Hollande et Obama ne peuvent ignorer que sur le continent africain, la racine de l’instabilité des Etats et des sociétés est essentiellement politique

Le sommet de Washington en ligne de mire
Mais avec la fin de la guerre froide, les Américains ont vite compris que la véritable puissance des Etats n’est plus militaire, mais surtout économique et culturelle. C’est sous cet angle qu’il faut commencer à saisir toute la portée du futur sommet d’août à Washington, entre les Etats-Unis et la quasi-totalité des Etats africains.
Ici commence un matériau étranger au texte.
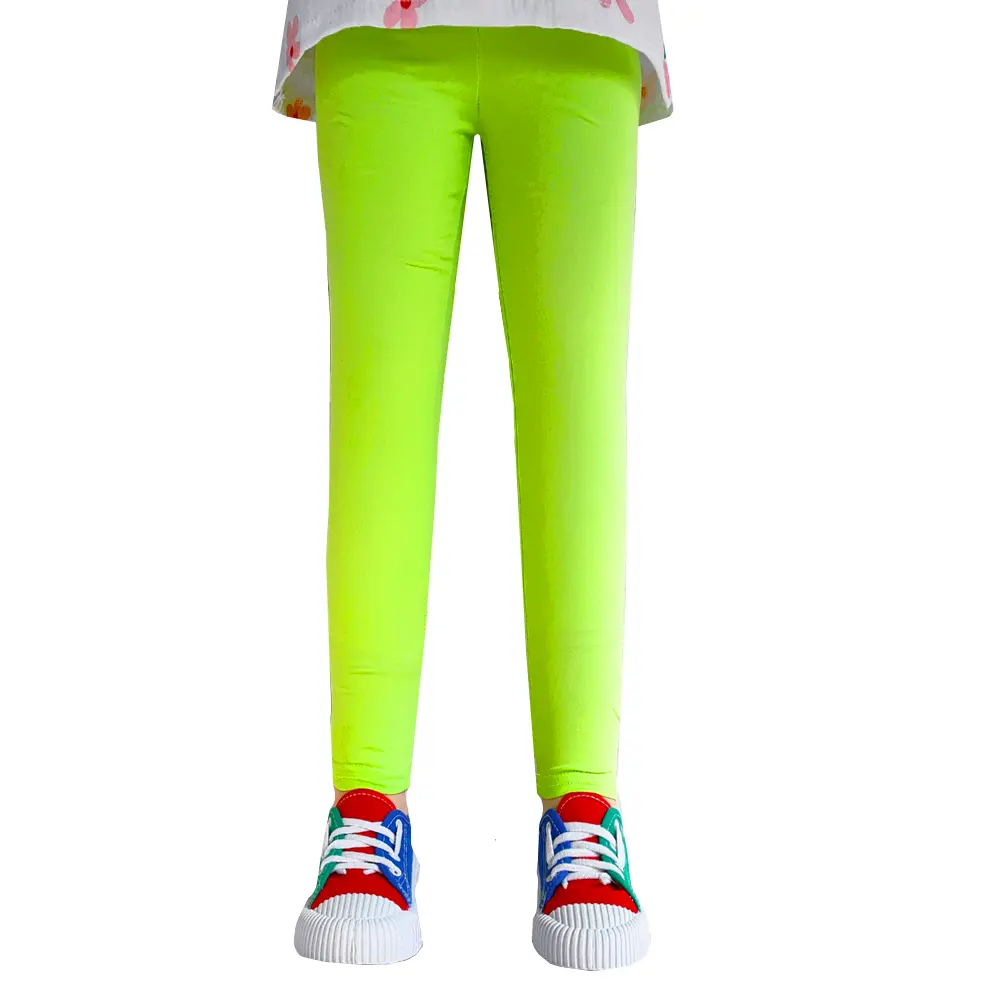 Girls Clothes Spring Leggings 2024 New Kids Pants Girls Milk Silk Slim Tight Pants Summer Candy Color Korean Children's Pants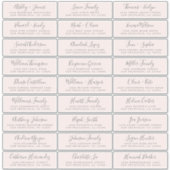 カスタマイズ結婚可能なゲスト住所 シール (正面)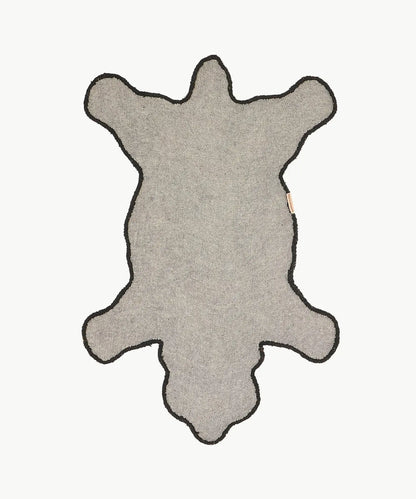 Blooming Black Bear Rug Small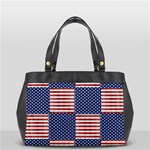 Red White Blue Stars And Stripes Oversize Office Handbag Front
On a beaucoup reproché au président Obama une certaine indifférence diplomatique envers le continent noir dont son père est issu. A mi-mandat, il a décidé de mettre l’Afrique à l’honneur dans le cadre d’une nouvelle ambition américaine au plan mondial.

Cela dit, au cœur de cette idylle franco-américaine, les présidents Hollande et Obama ne peuvent ignorer que sur le continent africain, la racine de l’instabilité des Etats et des sociétés est essentiellement politique. En août prochain, à Washington, les sociétés civiles africaines, les démocrates du continent attendent du président Obama un discours de vérité et de fermeté envers certains dirigeants. Car il existe encore en Afrique, un mythe napoléonien tenace qui empêche toute avancée démocratique réelle sur le continent africain.
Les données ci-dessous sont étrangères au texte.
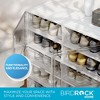 BIRDROCK HOME 7-Tier Shoe Rack for Closet | Freestanding Storage w/ 12 Small Clear Boxes & 2 Large Cubes, Foldable for Boots, Heels - White - 2 of 4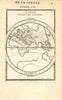 EASTERN HEMISPHERE. Climatic regions according to the ancients. MALLET 1683 map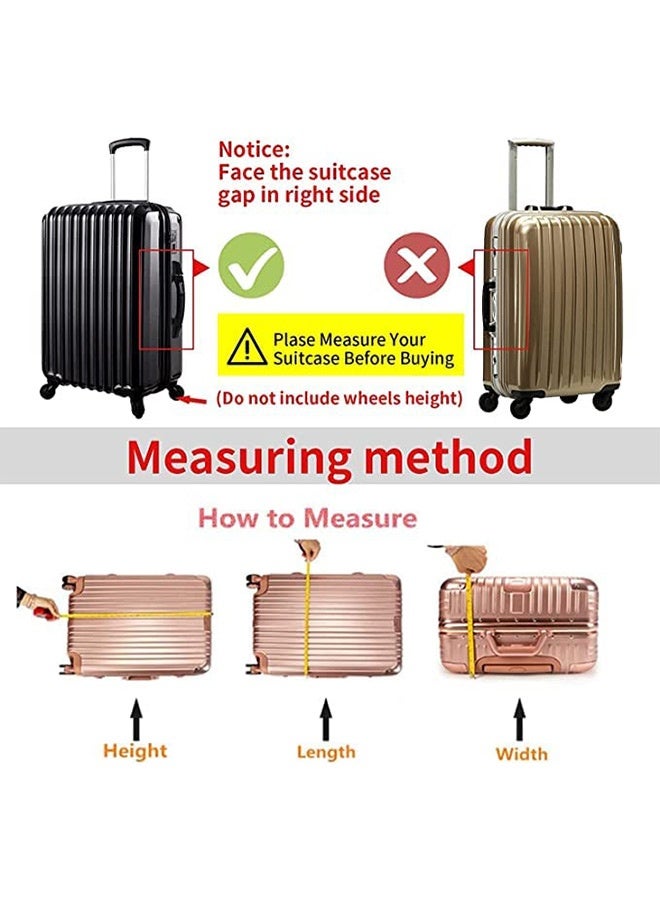 Tersely Premium PVC Luggage Protector 51cm/20" - Waterproof, Dustproof & Anti-Scratch Suitcase Covers for Travel Check-in Luggage Protection Rainy Days & Dirt-Resistant - Image 2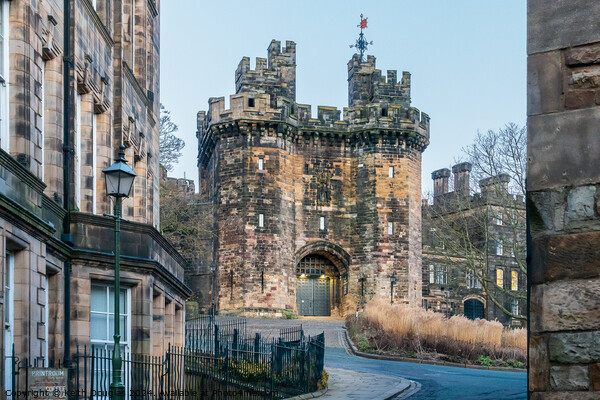 Lancaster Castle in the Winter Picture Board by Keith Douglas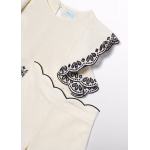 Abel and Lula Σετ βερμούδα κεντημένη κυμματιστή Κρεμ 26-05211-004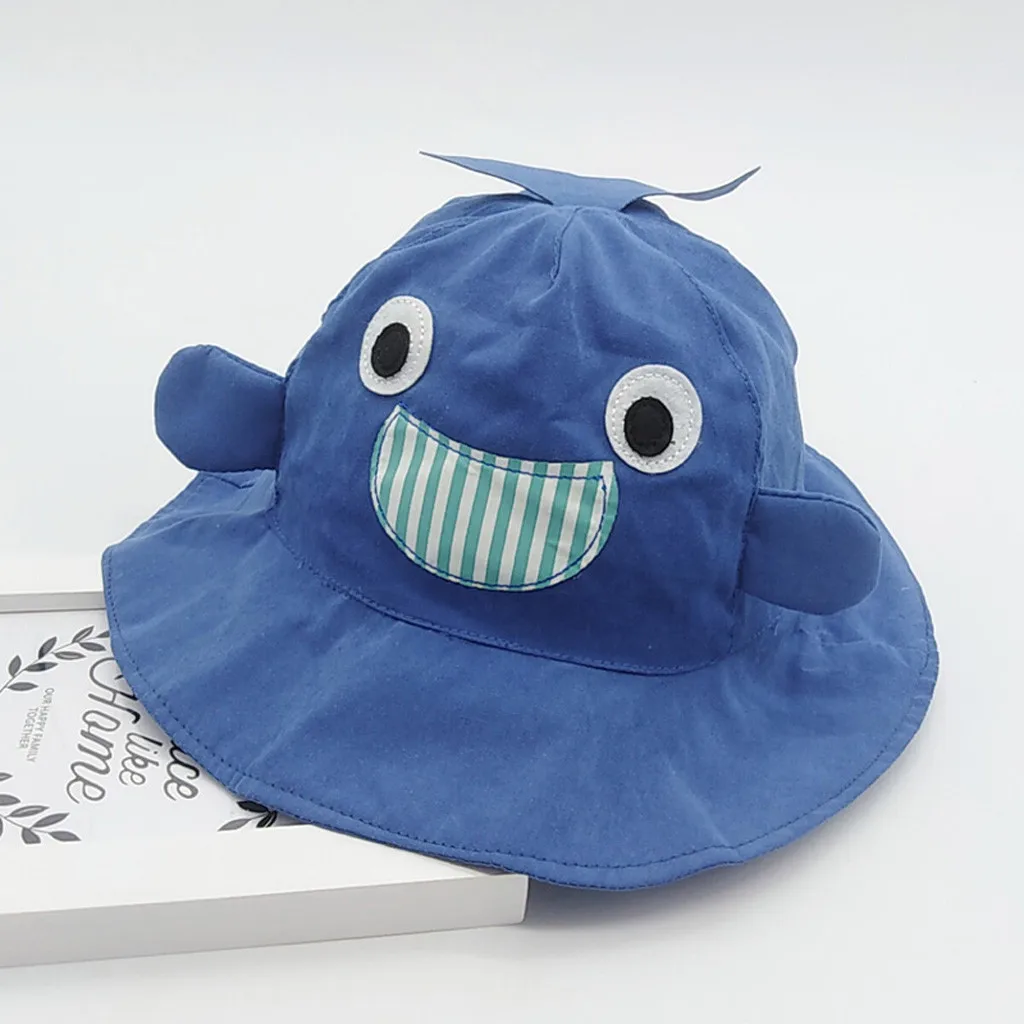 

Summer Baby Hat Fashion Children Cap For Girls Boys Kids Sun Hat Baby Boys Beach Cap Kids Hat Cartoon Print casquette enfant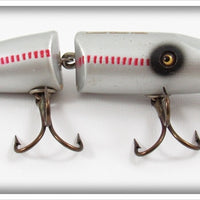 Creek Chub Special Order Silver With Red Lines Jointed Pikie In Box 2600DD FS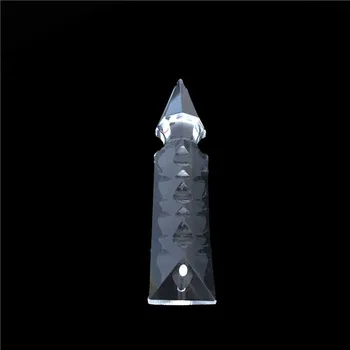 Toptan 100 adet 63 * 15mm * 14mm Temizle Kristal Roket Kafa Avize Kolye Kesim Yönlü Lamba Parçaları Ev Aydınlatma Dekorasyon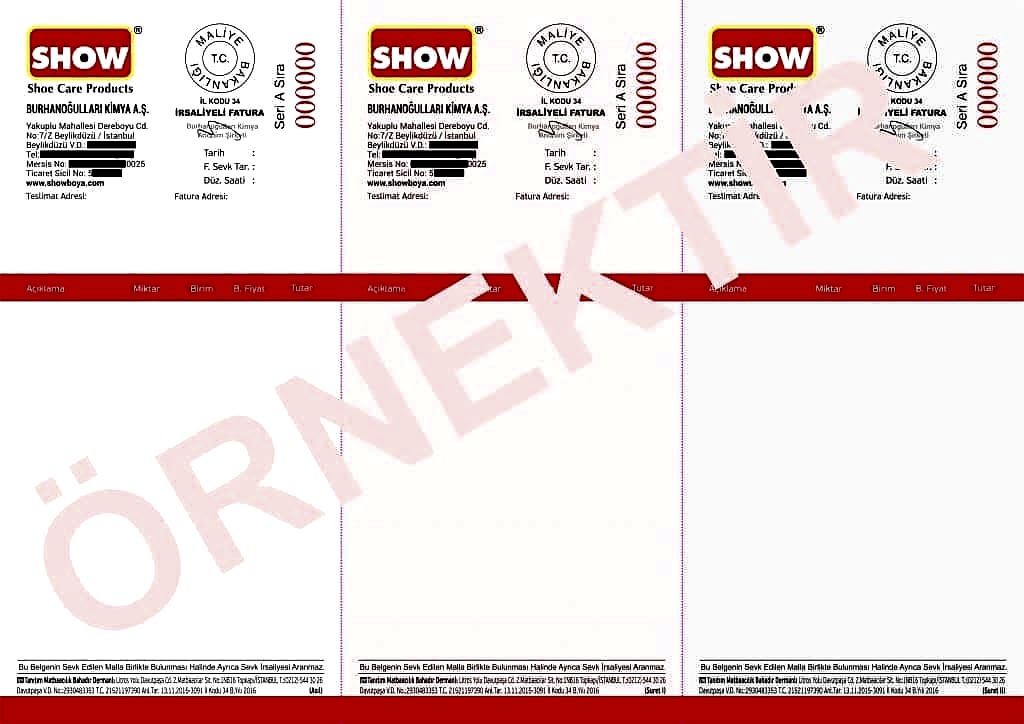 Show Boya 25.08.2016 1024x724 - E-Ticaret 3'lü Fatura Basımı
En 1847, l’auteur de ce mythe, Louis-Napoléon écrivait ces lignes célèbres:

«Dans toutes mes aventures, j’ai été dirigé par un principe. Je crois que de temps en temps des hommes sont créés, que j’appellerai providentiels, dans les mains desquelles les destinées de leur pays sont remises. Je crois être moi-même un de ces hommes. Si je me trompe, je peux périr inutilement. Si j’ai raison, la Providence me mettra en état de remplir ma mission.»


Tant qu’une telle conception de l’Histoire et du pouvoir continuera à prédominer, à coup de slogans et de propagande sur le continent, l’idylle franco-américaine risque fort ici, de se briser. Au-delà de cette idylle, espérons qu’avec cette visite de Hollande, les peuples africains assoiffés de liberté, de démocratie, de paix et de justice sociale, assisteront, enfin à «une synthèse féconde» entre intérêts français et américains sur leur continent. Jusque-là, beaucoup d’engagements internationaux envers l’Afrique n’ont pas été tenus, ouvrant ici une ère de désillusions complète. Quiconque, en France et aux Etats-Unis, méconnaît cette réalité, risque de compromettre le bel avenir des politiques de coopération franco-africaine, et américano-africaine. En attendant, économiquement, stratégiquement, la coopération entre la France, les Etats-Unis et l’Afrique ne s’improvise pas.